Author: Tom Longley ([email protected])
Date: 2019-05-10
Last updated: 2022-01-17
To continue scaling its research Security Force Monitor (SFM) is exploring the use of semi-automated information extraction.
This repository contains the first steps towards developing a dataset that can be used to train an NLP algorithm to detect biographical details about persons associated with security forces (rank, role in an organization, official title). It contains a workflow that takes raw HTML sources and turns them to plain text for annotation using BRAT, a visual tool for annotating text.
The end product in this repo are 132 text files annotated with over 3600 named entities and the inter-relations, for use in development of an entity extraction pipeline for SFM.
Our working paper "NLP in Human Rights Research - Extracting Knowledge Graphs About Police and Army Units and Their Commanders", published January 2022, discusses the development, outcomes and performance of an NLP system trained on this dataset. The NLP system itself is available in sfm-graph-extractor repository.
This repo contains the full scripts and process for finding, cleaning and annotating text for use in developing an NLP capability for SFM
.
├── README.md
├── common_sources
│ └── sfm
├── docs
│ ├── nlp_project_notes.md
│ └── readme_images
├── other_training_data
├── processing
│ ├── A_obtain_uuids
│ ├── B_get_content
│ ├── C_source_metadata
│ └── D_final_cleaned
└── annotated_sources
~/common_sources
contains SFM's raw data about Persons with roles in the Nigerian security forces, and a list of all the sources used to evidence this data. The data structures in use here are partially documented in the SFM Research Handbook.
The content of ~/processing
shows how we decided which documents to annotate, and the scripts we used to obtain and process the documents. It's designed to scale up so if we need to
The material in ~/annotated_sources
is the end product. It contains:
- cleaned-up UTF-8 text of news articles and reports used by SFM as sources
- metadata for each source (title, publication, date of publication, url)
- annotations of named entities and relations between them, using the BRAT Standoff format, which can be converted for use in a range of NLP toolkits (e.g. for spaCy)
- An
annotation.conf
file that defines the named entities and relations, which can be used in BRAT.

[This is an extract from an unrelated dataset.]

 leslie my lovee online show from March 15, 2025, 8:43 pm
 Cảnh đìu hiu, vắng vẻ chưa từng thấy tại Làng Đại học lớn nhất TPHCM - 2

The material in ~/other_training_data
is used to provide additional lists of military unit names with which to train the model. Currently it includes:
/other_training_data/dos/output/dos_fmtrpt_nigeria_units.tsv
: list of distinct units that have received training from the US government, as reported in the annual Foreign Military Training and Assistance reports./other_training_data/sfm/1_process_out_distinct_units/output/
contains two lists drawn from SFM's Nigeria data:ng_unit_names_distinct_20191024.tsv
: units and their known aliases, in separate columnsng_unit_names_and_other_names_collapsed_20191024.tsv
: units and known aliases, collapsed into single list
In the course of its research, SFM scours a large amount of textual material for details about the the organizational structure, command personnel, geographical footprint and operations of police, military and other security forces. We pick out bits of information - such as the name of a specific unit, or its commander and their rank - and store this in a database. Along with data and time information, the aggregated data develops into a full picture of a security force. We publish this data on our platform, WhoWasInCommand.com, and augment it with allegations of human rights abuses made against units and persons.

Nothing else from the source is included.